I have a 06' Jamis Ventura Elite and I want to upgrade it. What on the bike do you think needs to be upgraded the most, if there is anything that I should upgrade?
Thanks
Josh

Here is a link to the jamis website 
http://www.jamisbikes.com/usa/bikes/...ura_elite.html:p


----------



## covenant (May 21, 2002)

The wheelset first...


----------



## fleck (Mar 25, 2005)

A few questions...

What kind of rider are you? Goals?
Focus on climbing sprinting or all around?

What kind of budget are you in?


not knowing these...
I'd buy a light set of tubies. Ambrosio Chrono rims on some light hubs. American Classic gets you light weight with decent $. (Some people hate AC but i've had great luck with them)

Do you like the fit of the bars? Bars are very personal for comfort... Same Q with the saddle.

What kind of pedals are you running? The M2 Orb II are super light.

Lighter seatpoast...

Perhaps some diffrent brakes on that. Not sure how their road calipers but i really don't like their linear pull brakes.


----------



## Savedsol (Sep 23, 2004)

The first question you need to ask is "why?" Is it to be cool around a forum*? Do you really want to spend your cash to make it light, prettier or more comfy. Only you know the answers to these questions. 

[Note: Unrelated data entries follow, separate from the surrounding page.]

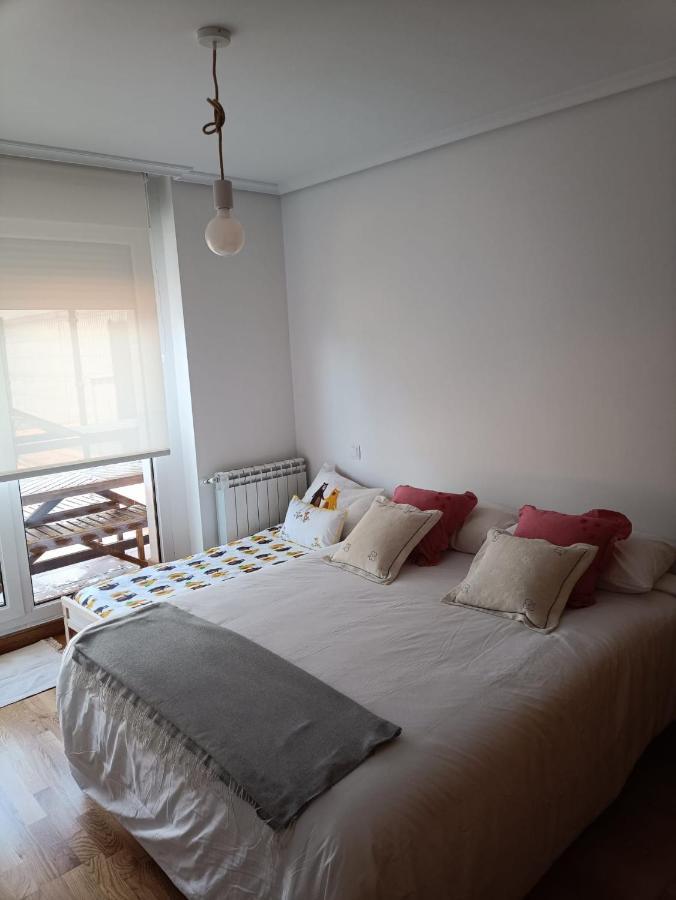 קומיאס Apartamento Con Terraza מראה חיצוני תמונה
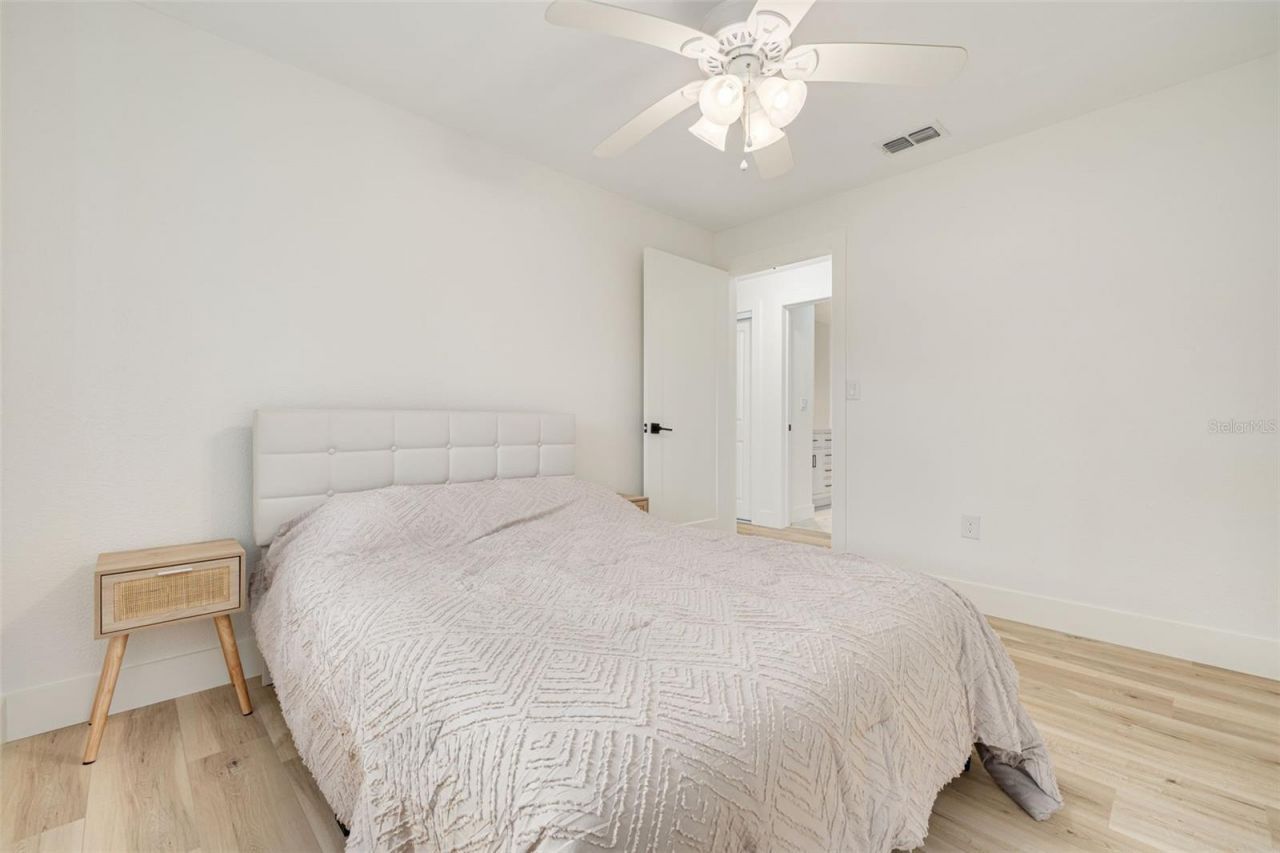 5531 Manatee Point Drive, New Port Richey, FL 34652 Photo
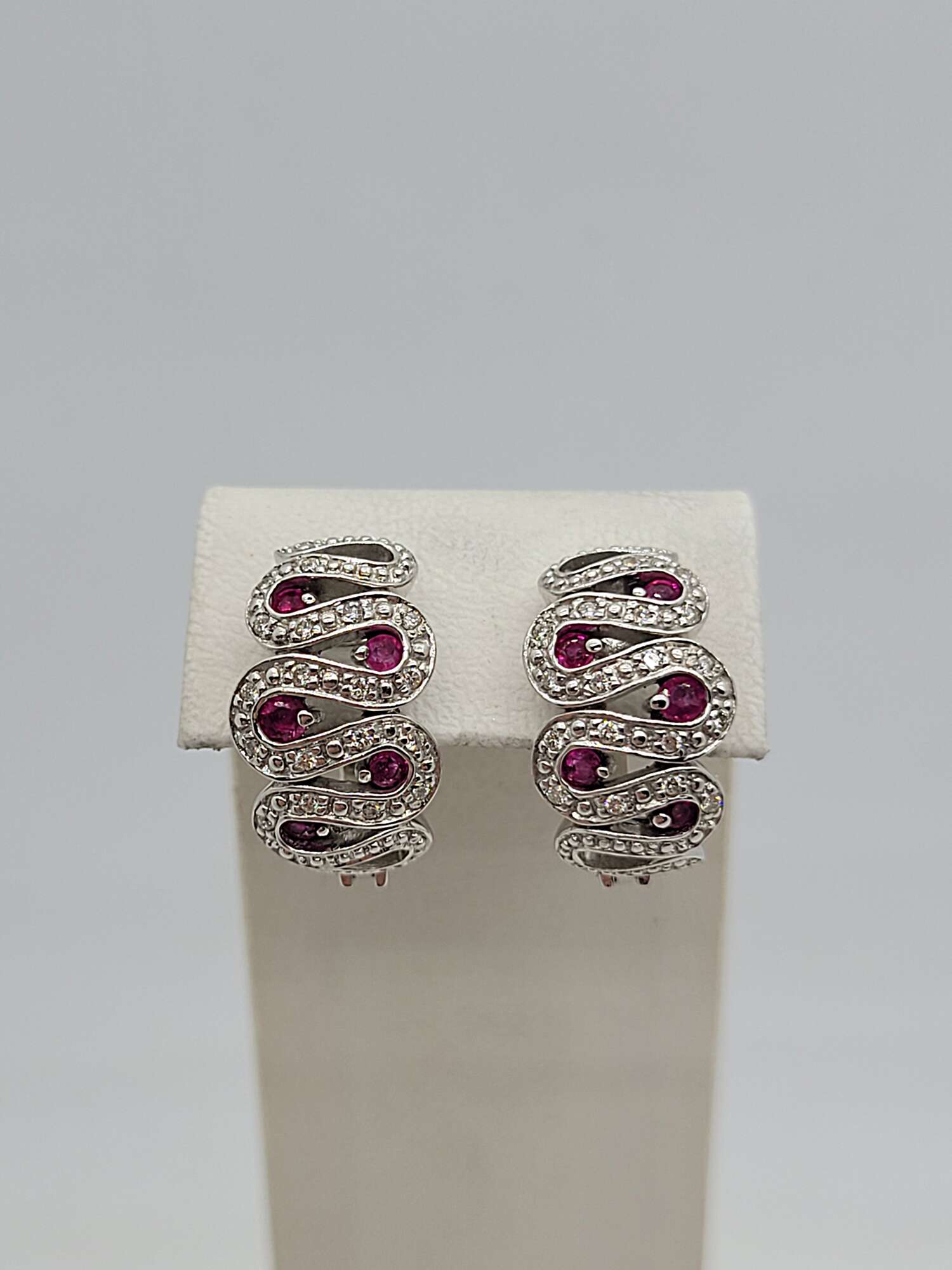 e7f01e39-880f-48e4-8143-86bb7fadb4c1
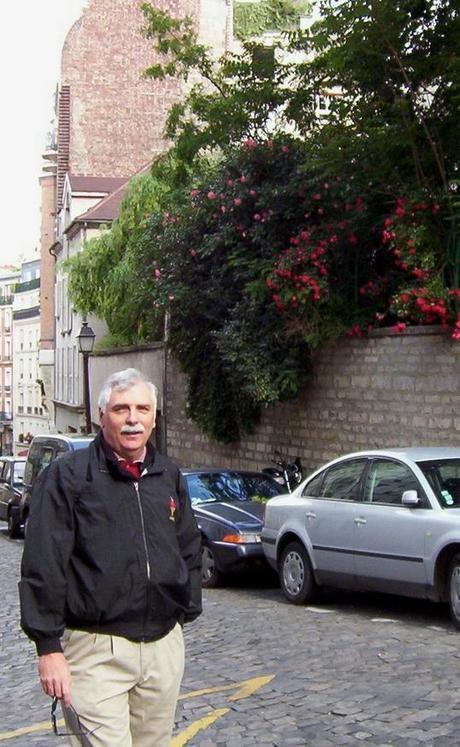 Bob on a street in Montmartre - Paris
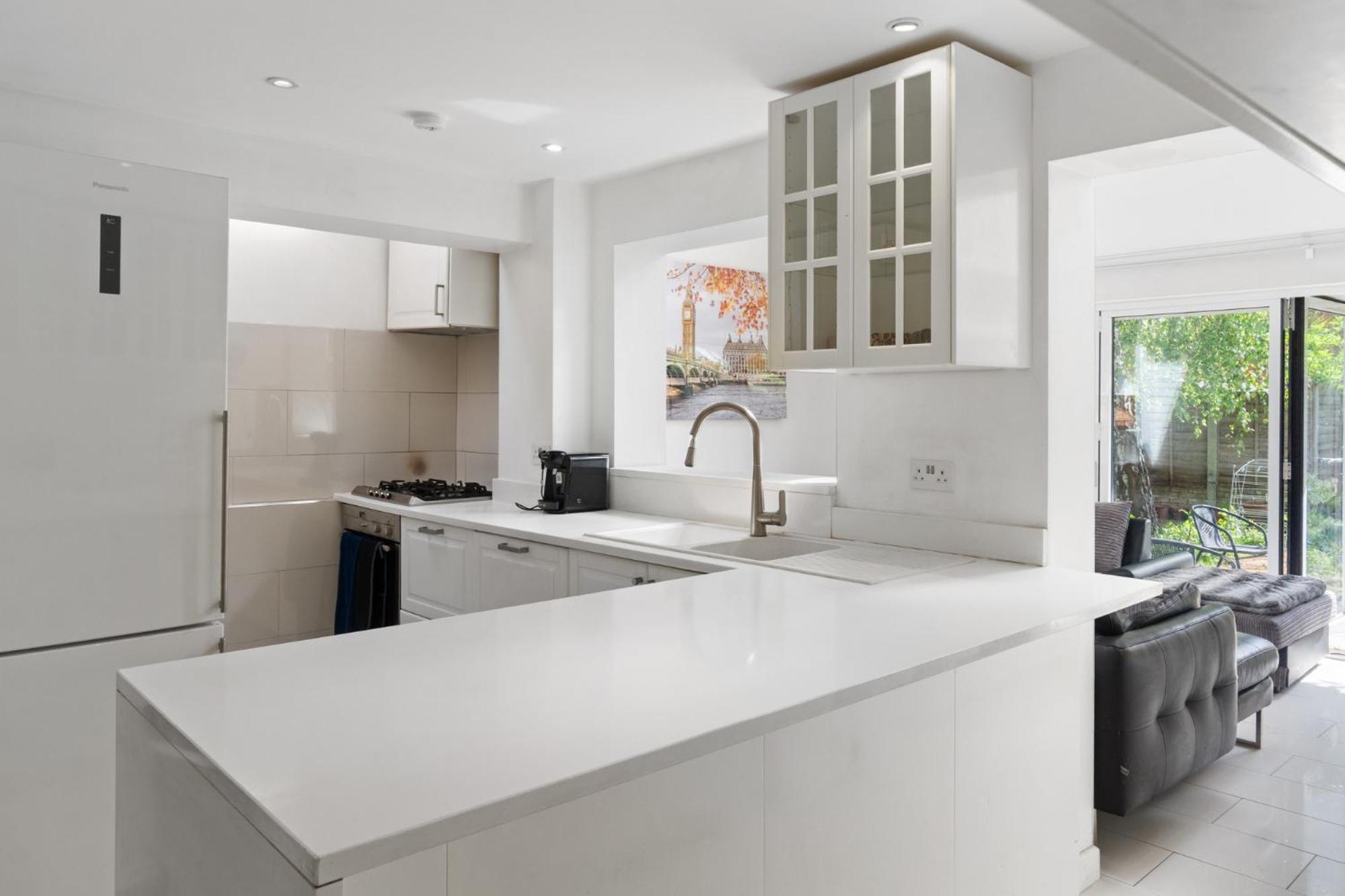 לונדון Shard View 3 Bed Entire Home מראה חיצוני תמונה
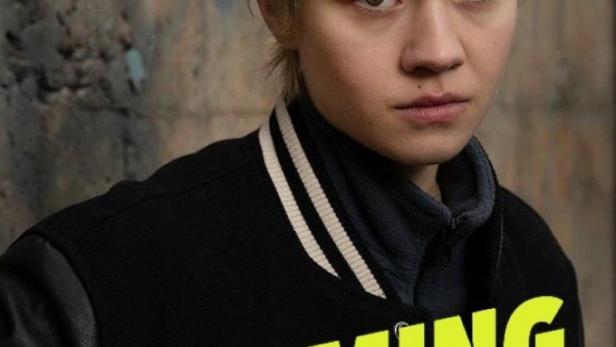 Das Filmplakat für „Becoming Charlie“ zeigt eine junge Person mit einer Wunde über der Augenbraue.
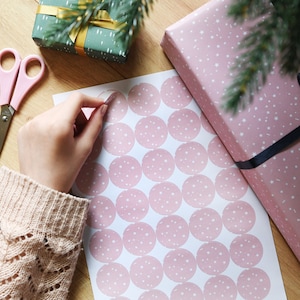 Autocollants en papier d’emballage étoiles roses recyclés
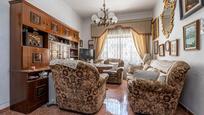 Sala d'estar de Casa o xalet en venda en Atarfe amb Terrassa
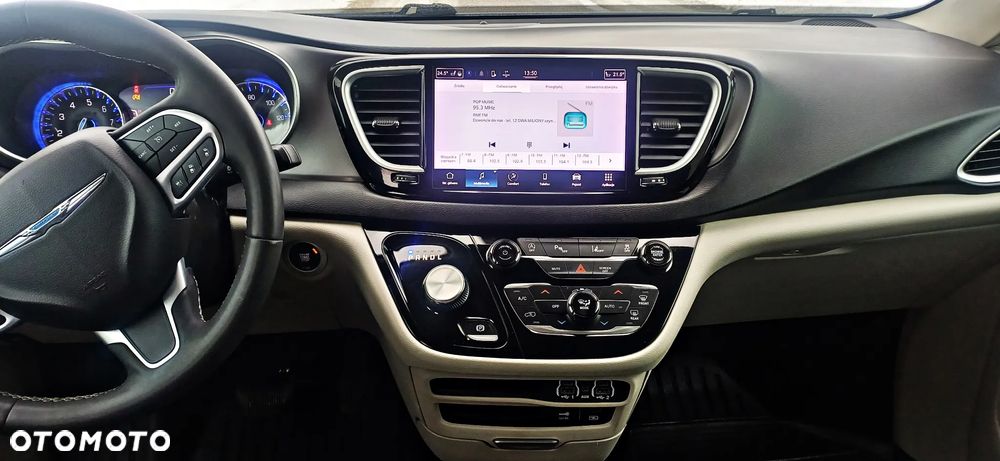 Chrysler Pacifica - 19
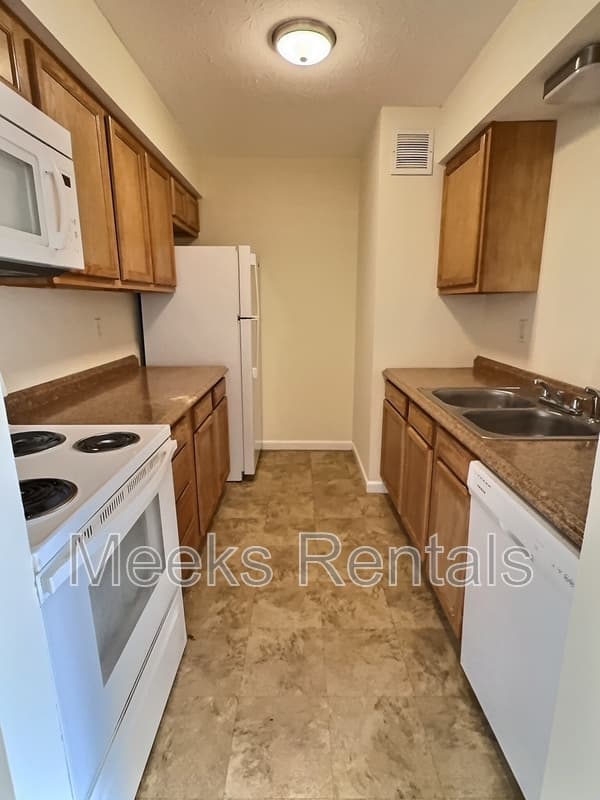 Culloden Condo: 2211 US Rt. 60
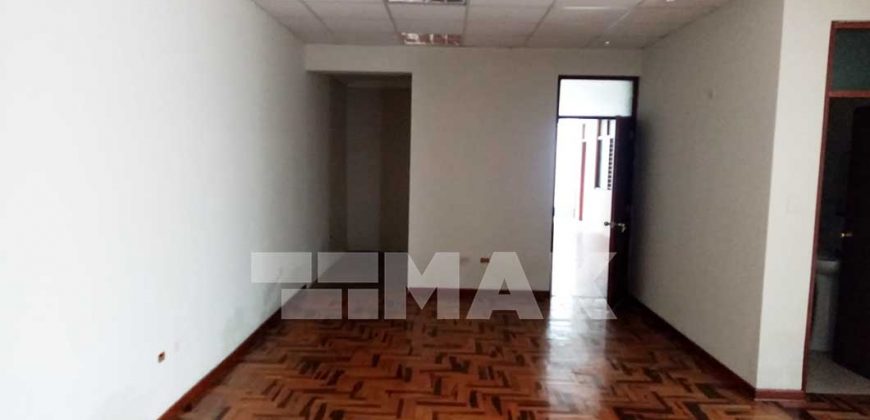 54421 – Venta – Casa Comercio – San Isidro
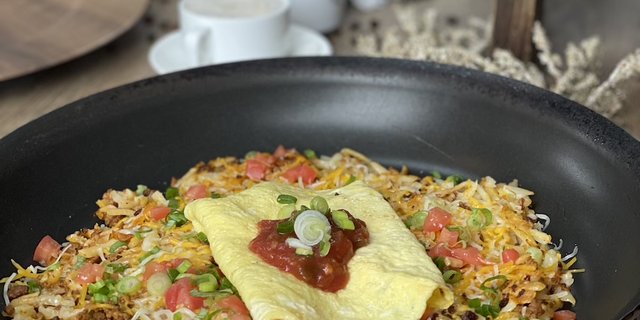 Haley Hash w/ House Biscuit
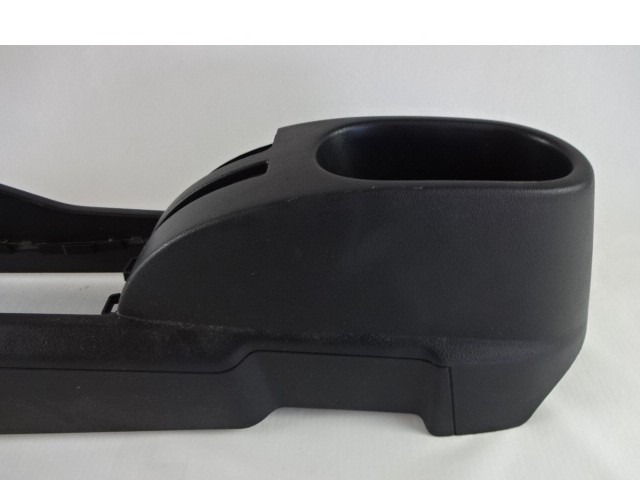 TUNNEL OBJECT HOLDER WITHOUT ARMREST OEM N. 7589EV ORIGINAL PART ESED PEUGEOT 207 / 207 CC WA WC WK (2006 - 05/2009) DIESEL 14  YEAR OF CONSTRUCTION 2006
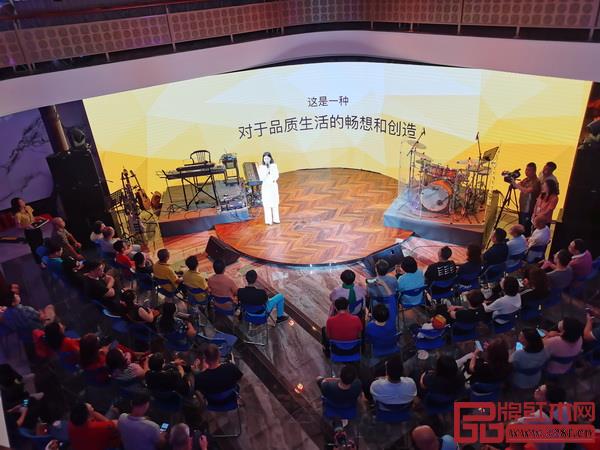 红古轩“老友记”会员俱乐部发布现场 红古轩“老友记”会员俱乐部发布现场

*This isn't meant as an insult, some people (myself included) just get carried away sometimes for all the wrong reasons.


----------



## ericm979 (Jun 26, 2005)

If your goal is to be faster, spend your money on getting more training in, making yourself more comfortable on the bike (i.e. good shoes and shorts), and maybe a HRM or power meter. Make sure that you have enough money for consumeables (tires, tubes, chains). Make sure you have a saddle that fits, pedals you like, and bars that fit. 

Unlike some sports, in cycling spending money on gear does not make you faster. It just gets you nicer gear.


----------